So it turns out the white chocolate in the bathroom is actually soap
How am I a tease?
Dude you flashed me ur vagina and walked away.
ONLY PART OF IT.
we found him in the shower with a bottle of jose saying "this is Mexico's fault"
It turns out tequila bombs is really code for straight shots of tequila…who would have guessed?
Well the streets were closed, so it was okay for me to just lay down for a little bit.
At the start of the night I was all 'come at me universe' and three hours later I was ordering an extra large pizza in bed in the dress I had gone out in. Well played universe.
There is no sno cone on earth better than alone naked time. Side note: text when you all are headed home.
I couldn't fall back asleep it was too bright so I just took my sports bra off and put it over my eyes
You kept whispering to me that the guy making your burrito was an angel.
I woke up to a stripper (who added me on Facebook) messaging me reminding me to cancel my card if I can't find it
There should be a Doritos delivery van or something.

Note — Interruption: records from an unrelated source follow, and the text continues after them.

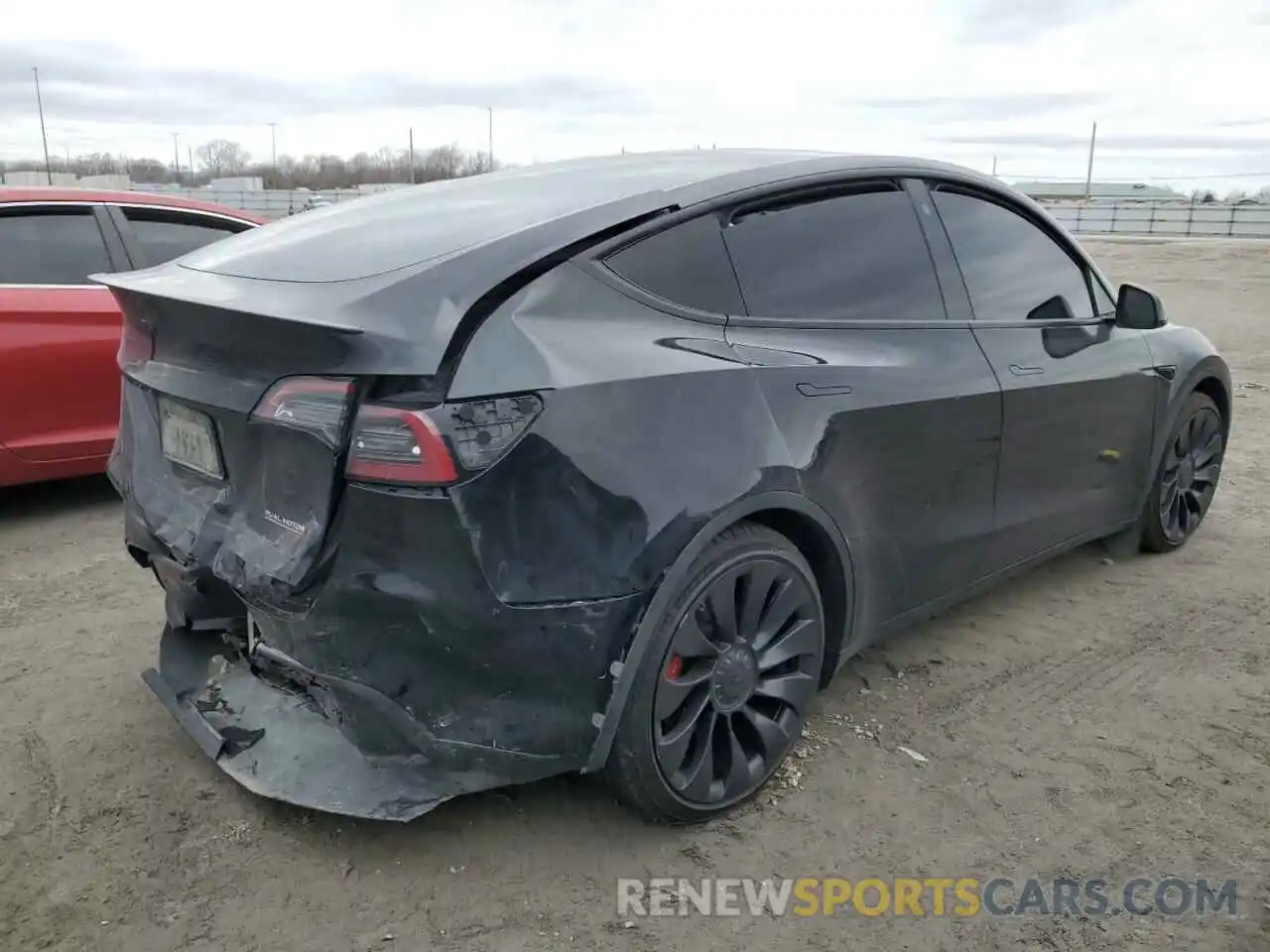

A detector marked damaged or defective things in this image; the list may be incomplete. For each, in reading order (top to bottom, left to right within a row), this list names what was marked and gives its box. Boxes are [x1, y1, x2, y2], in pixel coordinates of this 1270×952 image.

damaged black tesla model y [98, 153, 1229, 822]
crumpled rear bumper [140, 627, 572, 822]
detached bumper cover [140, 627, 572, 822] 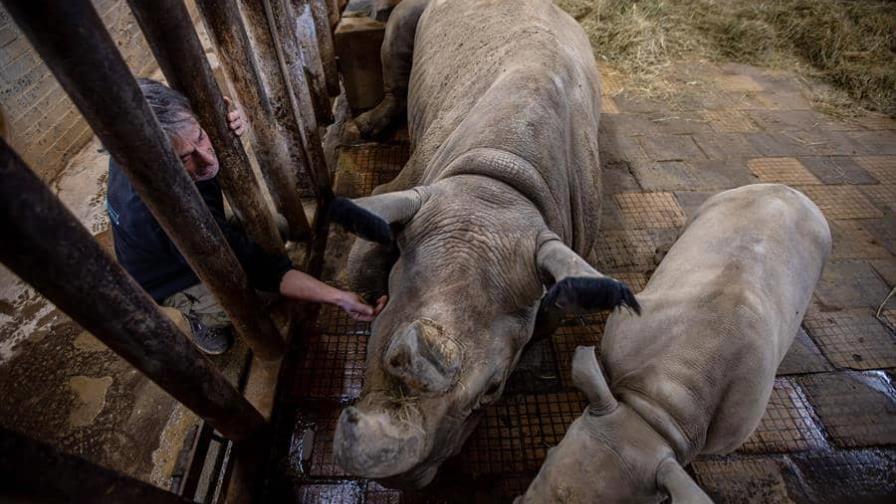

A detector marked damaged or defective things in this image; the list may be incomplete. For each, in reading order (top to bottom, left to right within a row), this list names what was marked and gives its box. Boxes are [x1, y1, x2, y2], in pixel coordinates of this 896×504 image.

rusty metal pole [0, 139, 264, 440]
rusty metal pole [0, 0, 284, 360]
rusty metal pole [126, 0, 290, 252]
rusty metal pole [196, 0, 326, 219]
rusty metal pole [266, 0, 336, 199]
rusty metal pole [312, 0, 340, 96]
rusty metal pole [0, 426, 195, 504] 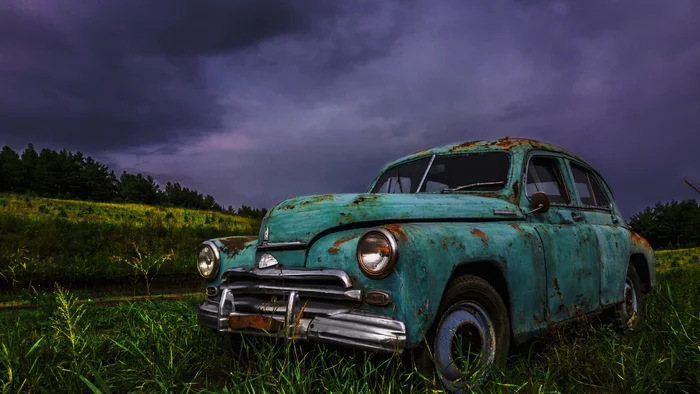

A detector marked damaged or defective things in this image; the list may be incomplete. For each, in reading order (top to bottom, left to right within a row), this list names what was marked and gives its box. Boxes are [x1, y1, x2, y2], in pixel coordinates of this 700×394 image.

rust patch on hood [386, 223, 408, 242]
rusty vintage car [197, 137, 656, 390]
abandoned car [197, 137, 656, 390]
rust patch on hood [470, 228, 486, 246] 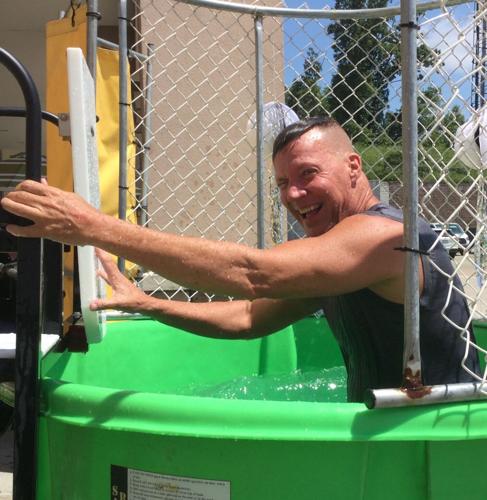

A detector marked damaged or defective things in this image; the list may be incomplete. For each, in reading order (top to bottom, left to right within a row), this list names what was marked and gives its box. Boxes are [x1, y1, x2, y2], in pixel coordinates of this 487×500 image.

rust stain [402, 368, 432, 398] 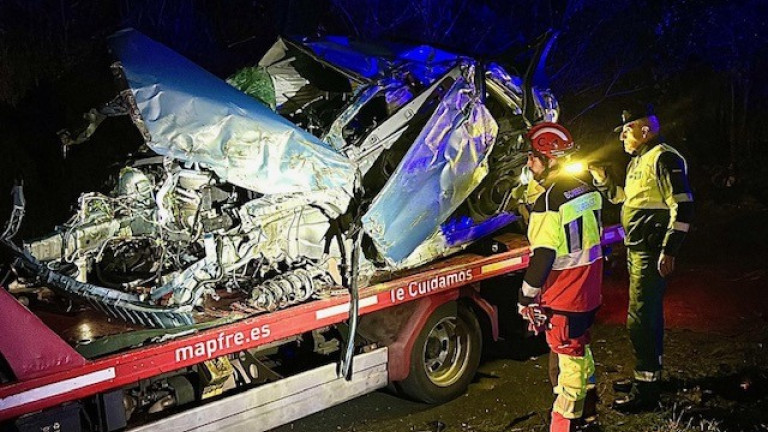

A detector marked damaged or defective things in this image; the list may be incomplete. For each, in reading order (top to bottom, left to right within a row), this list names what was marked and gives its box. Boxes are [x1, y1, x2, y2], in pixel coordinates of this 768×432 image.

severely crushed vehicle [3, 29, 560, 328] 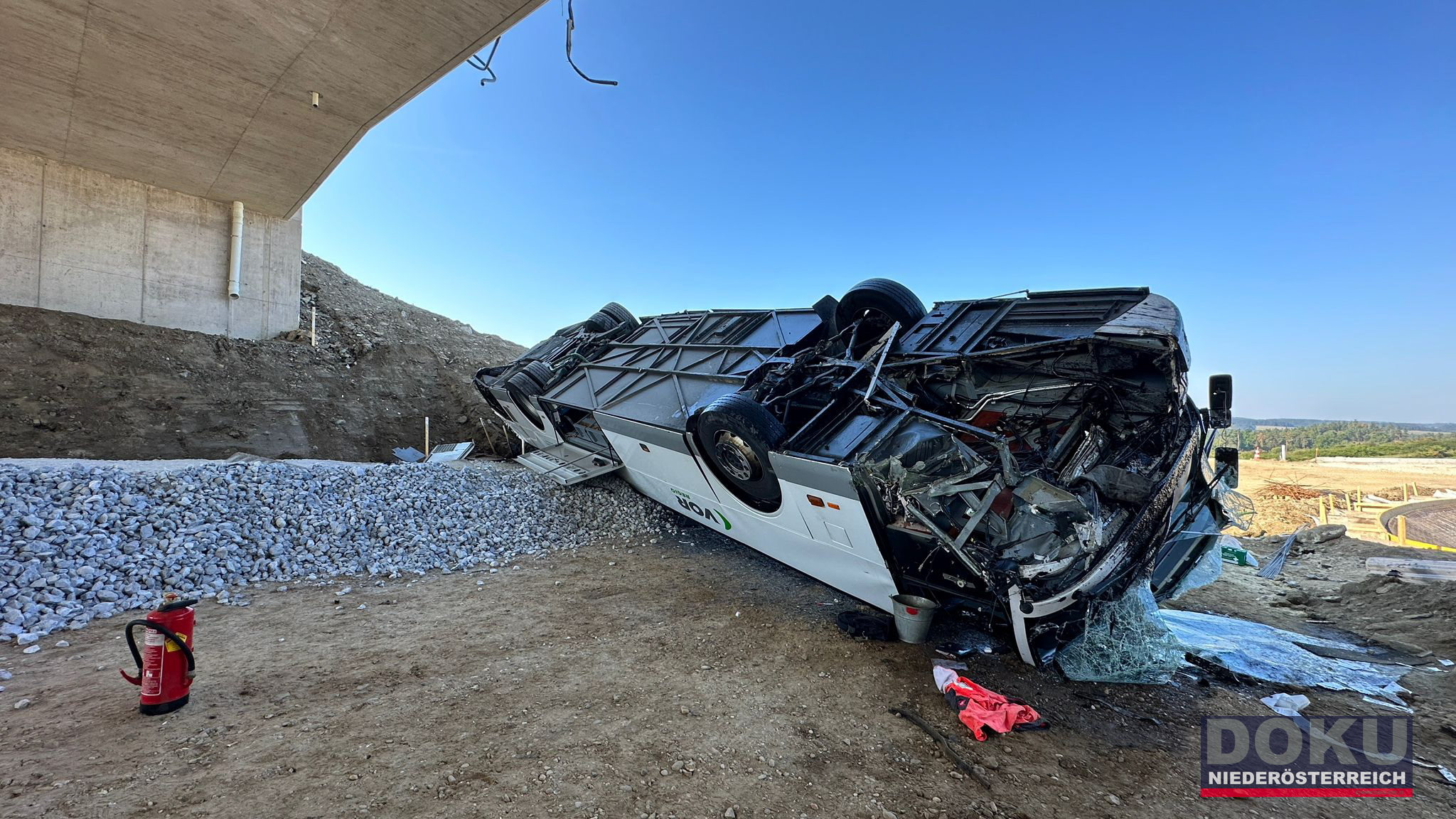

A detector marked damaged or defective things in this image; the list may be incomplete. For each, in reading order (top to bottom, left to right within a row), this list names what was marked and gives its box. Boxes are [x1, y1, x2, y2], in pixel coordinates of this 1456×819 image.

torn bus bodywork [480, 278, 1240, 664] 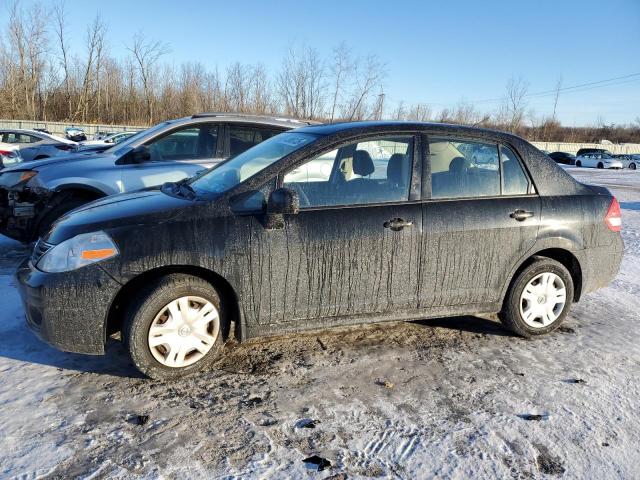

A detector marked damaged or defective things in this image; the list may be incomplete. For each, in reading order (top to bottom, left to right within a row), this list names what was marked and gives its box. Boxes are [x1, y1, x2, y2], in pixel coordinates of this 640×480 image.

damaged vehicle [0, 114, 310, 242]
damaged vehicle [16, 122, 624, 380] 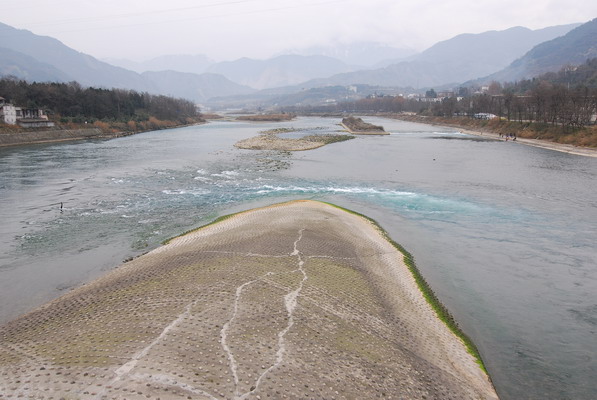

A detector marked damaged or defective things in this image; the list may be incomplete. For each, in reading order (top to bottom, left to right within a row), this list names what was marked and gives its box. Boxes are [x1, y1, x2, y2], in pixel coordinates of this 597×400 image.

cracked concrete surface [0, 202, 498, 398] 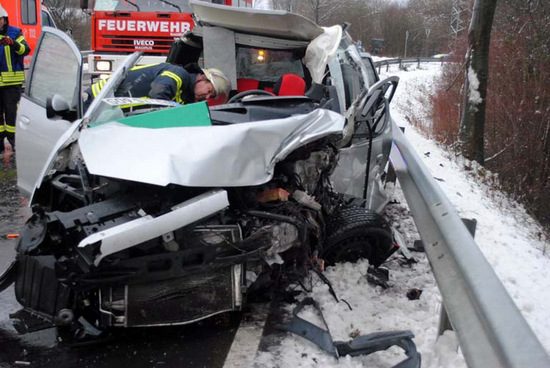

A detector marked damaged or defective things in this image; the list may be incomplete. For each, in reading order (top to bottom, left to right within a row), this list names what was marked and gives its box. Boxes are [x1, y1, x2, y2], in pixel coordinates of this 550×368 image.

severely damaged car [3, 2, 406, 344]
crumpled hood [78, 106, 344, 187] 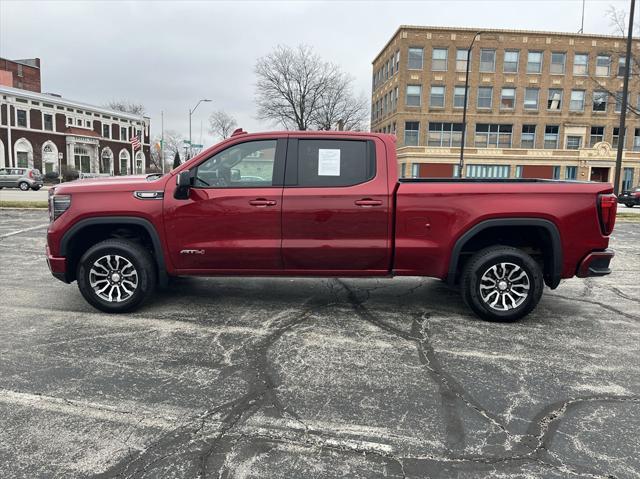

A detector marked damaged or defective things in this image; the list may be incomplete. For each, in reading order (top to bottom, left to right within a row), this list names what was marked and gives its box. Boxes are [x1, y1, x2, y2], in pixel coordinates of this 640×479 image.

cracked asphalt [1, 211, 640, 479]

New fact of life: getting Becca high never helps any situation at all ever.
Whatever. I have his dick. Haha how many girls can say they have a dildo replica of a guy they were seeing
I like your optimism Chelsea but I'm not about getting my salad tossed
I told her I'd rather set my hair on fire than sleep with her again. In retrospect, that was probably too harsh. My eye is still swollen shut.